Amazon Performs Terribly In Greenpeace's Latest 'Greener Electronics' Report

'One of the least transparent companies in the world in terms of its environmental performance'

Greenpeace has released its latest ‘Greener Electronics’ report in which it ranks each of the major tech companies on their commitment to environmentally friendly practices.

While Apple featured as the second most responsible company, Amazon faced heavy criticism from the report with the authors going so far as to say it is “one of the least transparent companies in the world in terms of its environmental performance.”

Each company is given a score that is based on numerous factors that include the cleanliness of their supply chain, how reusable their products are and even their level advocacy on the political stage.

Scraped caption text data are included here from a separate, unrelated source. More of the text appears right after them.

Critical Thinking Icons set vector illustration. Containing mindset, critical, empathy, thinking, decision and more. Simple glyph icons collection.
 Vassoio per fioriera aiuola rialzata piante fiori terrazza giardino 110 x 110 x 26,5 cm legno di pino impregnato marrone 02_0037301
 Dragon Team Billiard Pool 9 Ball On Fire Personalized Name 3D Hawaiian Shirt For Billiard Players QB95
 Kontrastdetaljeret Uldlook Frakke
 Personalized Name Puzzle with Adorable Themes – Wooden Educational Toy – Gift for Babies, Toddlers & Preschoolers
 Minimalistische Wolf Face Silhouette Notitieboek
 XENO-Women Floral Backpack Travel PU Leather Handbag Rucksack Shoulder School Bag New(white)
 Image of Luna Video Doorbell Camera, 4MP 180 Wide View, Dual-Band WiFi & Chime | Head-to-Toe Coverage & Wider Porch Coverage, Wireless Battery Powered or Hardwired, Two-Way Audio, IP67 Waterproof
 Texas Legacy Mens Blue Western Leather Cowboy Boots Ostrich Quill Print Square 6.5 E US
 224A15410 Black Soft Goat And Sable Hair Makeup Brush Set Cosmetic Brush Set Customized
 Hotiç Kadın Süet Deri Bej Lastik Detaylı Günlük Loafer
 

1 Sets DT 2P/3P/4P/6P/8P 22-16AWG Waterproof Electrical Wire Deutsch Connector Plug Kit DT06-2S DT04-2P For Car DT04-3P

As you can see from the scoring sheet, other poor performers include Samsung, Huawei and Asus.

The reports authors Gary Cook and Elizabeth Jardim criticised Amazon not only for its complete lack of transparency but also with the way it handles hazardous chemicals within its own supply chain.

“While Amazon highlights the importance it places on responsible sourcing, it provides little information beyond its broad supply chain standards.” states the report.

“Amazon does not publish details on whether it has placed restrictions or eliminated hazardous materials not covered by the current Rohs standard, such as PVC, brominated flame retardants, or phthalates, as many leading companies have done.”

Philippe Wojazer / Reuters

In terms of its commitment to change its supply chain for the better, the company also scored terribly.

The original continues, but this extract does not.